People with moderate or severe COVID-19 in this study tended to show slower recovery of short-chain fatty acid-producing bacteria after admission to hospital.
Levels of harmful bacteria were higher in people with COVID-19, remained elevated one month after admission to hospital and were higher in people with higher body weight.
Two people with HIV experienced post-COVID symptoms (long COVID) and provided stool samples for up to a year after the onset of symptoms. In both cases, a sustained decrease in the diversity of gut bacteria was observed, unlike in four out of five people with COVID who provided post-hospitalisation samples and who did not have post-COVID symptoms.
The researchers say that larger studies are needed to further explore the implications of their findings. A control group of people without HIV who were diagnosed with COVID-19 would provide valuable information on the extent to which changes in the microbiome are HIV-specific. Information on the gut microbiome before SARS-CoV-2 infection would be useful for the assessment of changes during infection. This study was not able to address the question of whether characteristics of the microbiome in gay and bisexual men or people with HIV might predispose to more severe COVID-19.

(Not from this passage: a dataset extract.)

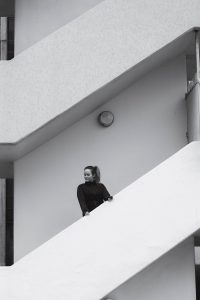 Bild in schwarz-weiß. Jen steht auf einer Treppe im Running Outfit von Adidas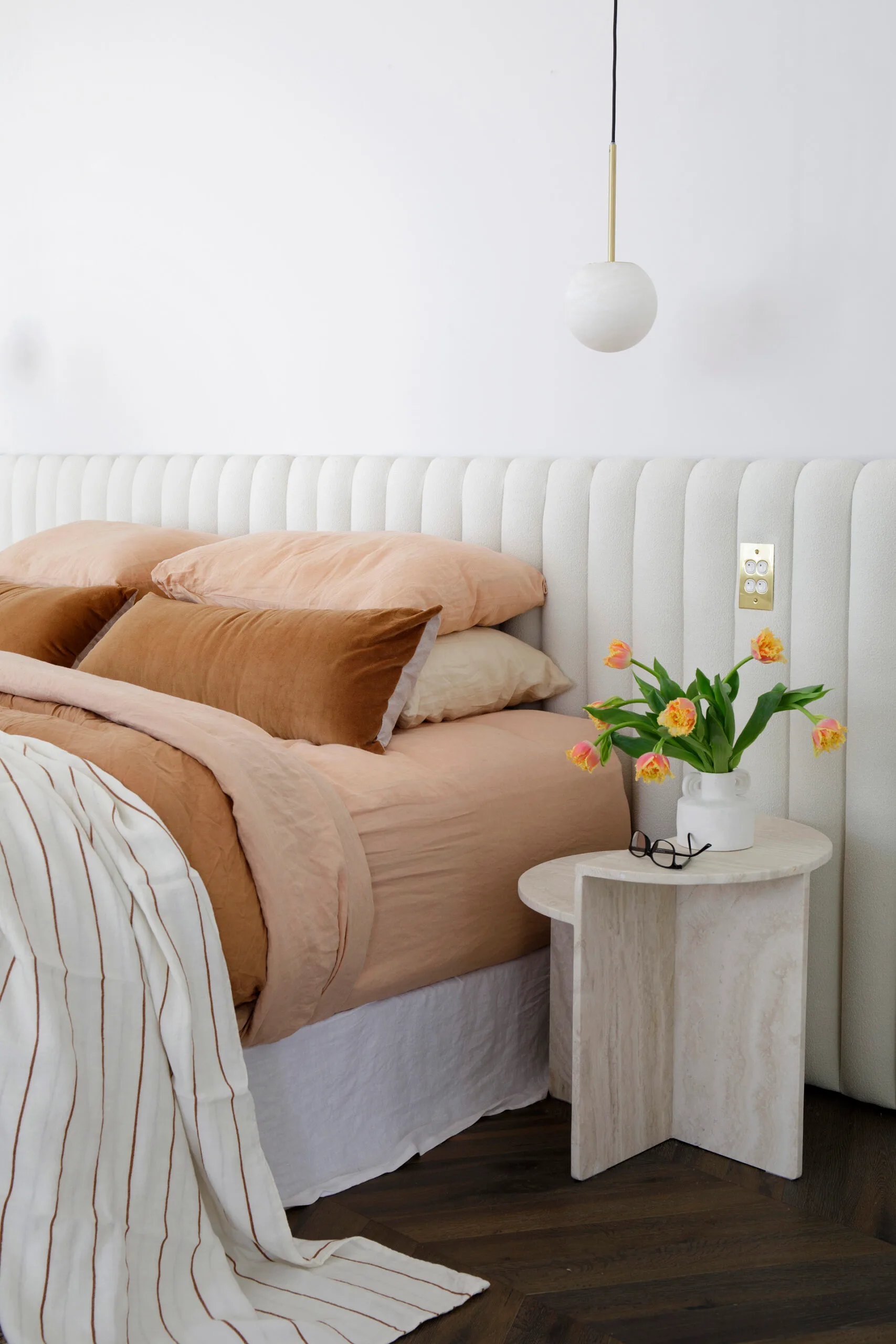 contemporary bedroom with white upholstered bedhead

The study authors note that gay and bisexual men tend to have lower populations of ‘friendly’ Bacteroides species that modulate immune responses to viral infections, but higher populations of Prevotella species that have been linked to chronic immune activation. And in people with HIV, the microbiome resembles the profile seen in chronic inflammatory diseases, with an additional deficiency in the bacterial types that contribute to the integrity of the barrier between the gut and the rest of the body.
Ishizaka A et al. Association of gut microbiota with the pathogenesis of SARS-CoV-2 infection in people living with HIV. BMC Microbiology, 24: 6, 2024 (open access).